Right now, we’re looking at images of ourselves on two different screens. Was there something you wanted to demonstrate?

“Yes – you can see how latency is very low for the video. We see two monitors, one is connected right to the camera, the other is monitor is connected after video compression, transmission and decompression.

Jaroslav Tůma | Photo: Prague Spring Festival

“You can hardly see which monitor is the first one and which is the second – because the picture looks the same.”

Right, with the naked eye we cannot perceive the difference. But of course, these monitors are very, very close together.

“Yes, there’s no network propagation delay now. But there is a delay inside the boxes, inside the transmission and the receiver.”

“But if you arranged these using two PCs with some software, you would definitely see some delay just from that hardware and software.”

What has changed with this model since that first concert, in 2018?

“Well, we now support compression that reduces the bit rate in the network more than previously. And there are improvements like there is no fan inside – it just uses passive cooling, so it’s completely quiet.

“It makes no noise, like a PC would, and can be placed in a music environment.”

No noise – like we have now in this lab.

“Yes, yes.”

Are there many competitors, so to speak, different research institutions that have developed similar technologies? And has it been commercialised – do you sell or rent them?

“Yes, there are other technologies for low-latency audio transmission, like Dante Audio, for instance. But I think this is unique in that it combines audio and video and both have very low added latency.

“You can buy it now – we have a reseller and can provide it on a commercial basis. But we also collaborate with musical academies and try to help connect them as part of our research programme.”

What’s the limitation in terms of distance – what’s the farthest apart these machines can be that the musicians won’t notice the latency?

“There is no strict limit. We did, for instance, a concert between Prague and Taiwan or South Korea. But, of course, with such large distances, there is network propagation delay that limits the kind of collaboration that can be arranged.”

So, in that case it wouldn’t be a concert but perhaps a master class.

“It definitely can be a master class which connects a student and a teacher together – it could also be a concert if artists react one to the other in sequence or in some arrangement, not really playing together over such a long distance.”

Is there is anything I haven’t asked you about that you’d like listeners to understand?

“Maybe that the way which we achieved very low latencies in part by implementing hardware, as I said, but also that there’s a specialised codec for video that adds only a few lines of latency.

“Also, there’s a smart algorithm that keeps the transmission stable even with very small receiver buff – that’s the usual problem, that most video transmission equipment has a large buffer receiver.”

What else are you working on? I saw that in 2017, I think, you gave a presentation on cultural heritage and technology at museums…

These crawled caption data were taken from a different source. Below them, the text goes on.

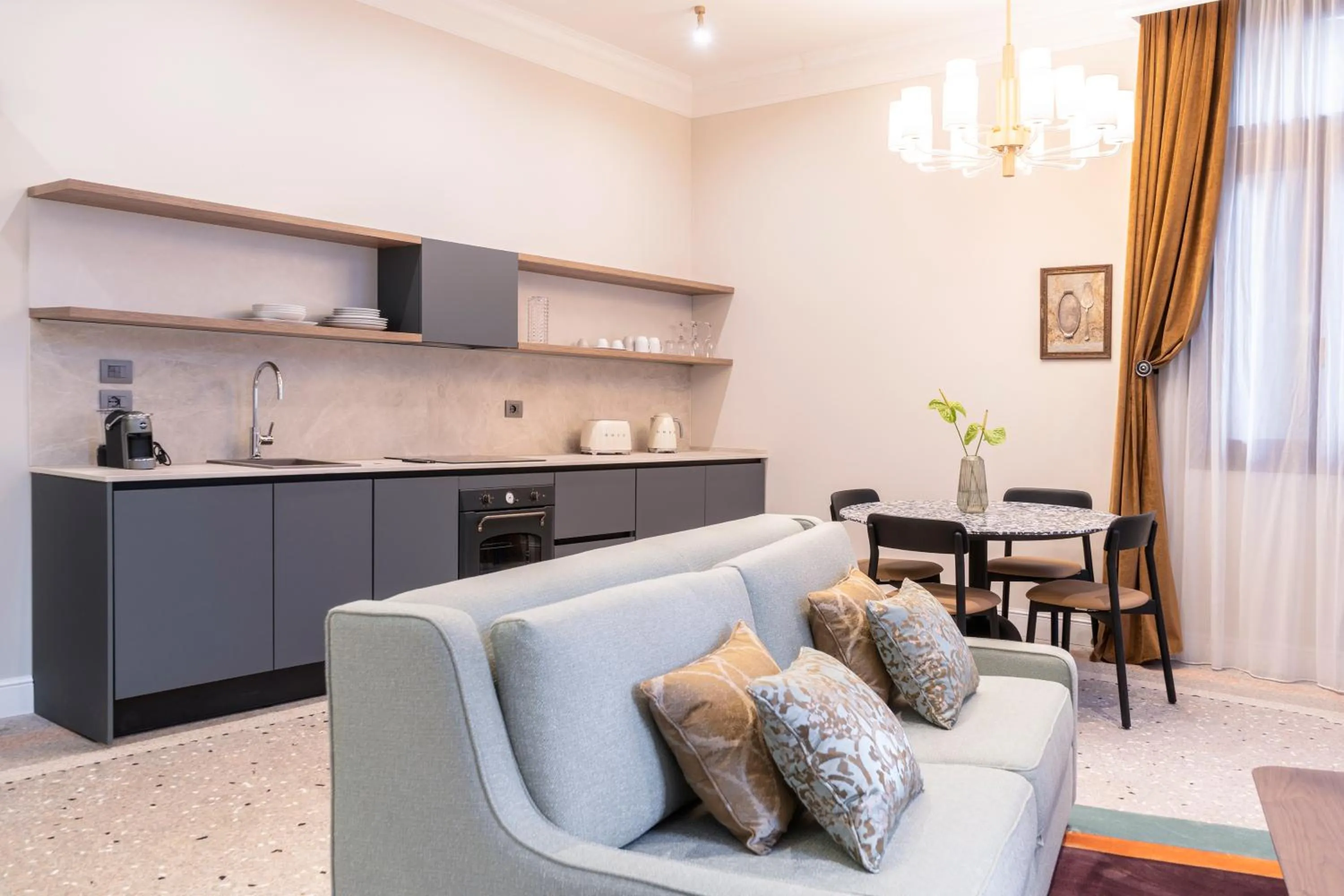 Kitchen or kitchenette in Be Mate Ponte di Rialto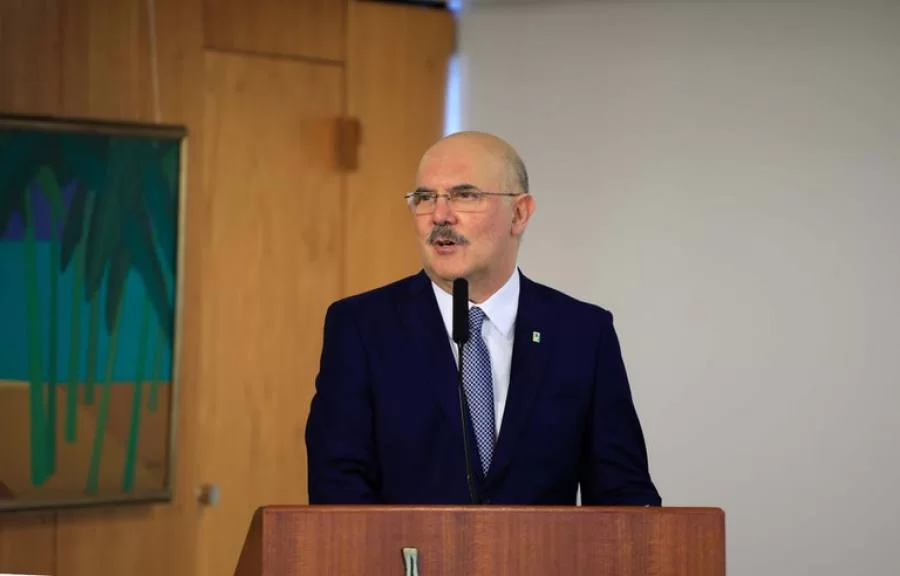 Mauro Carlesse e ministro Milton Ribeiro inauguram Escola de Tempo integral em Araguaína
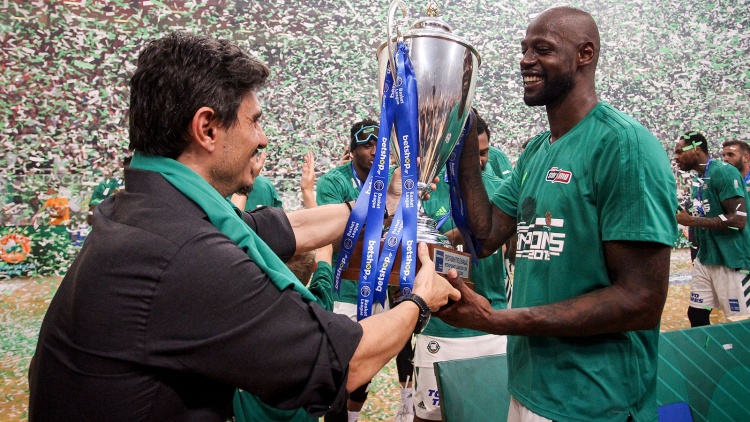 Γκιστ: «Δεν ήθελα να φύγω από τον Παναθηναϊκό - Δε βάζεις τον Φώτση και τον Διαμαντίδη στο πούλμαν»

“Yes, that’s another area of our research – we also help museums and similar institutions to bring their cultural heritage on the internet in modern ways.

“We create interactive, 3D models of selected collection items such that visitors can virtually manipulate these items – look inside, open them, or see how the item looked before and after restoration.

“So, that’s another area of our research.”

So, to make museum exhibitions more interactive and more tangible to the layperson.

“Yes, it’s useful both for physical exhibitions – like, you may have a statue and in front of it there’s a touch panel and you must reconstruct it.

“And it’s also useful for the online work of museums, to present their masterpieces on their websites in a more attractive way.”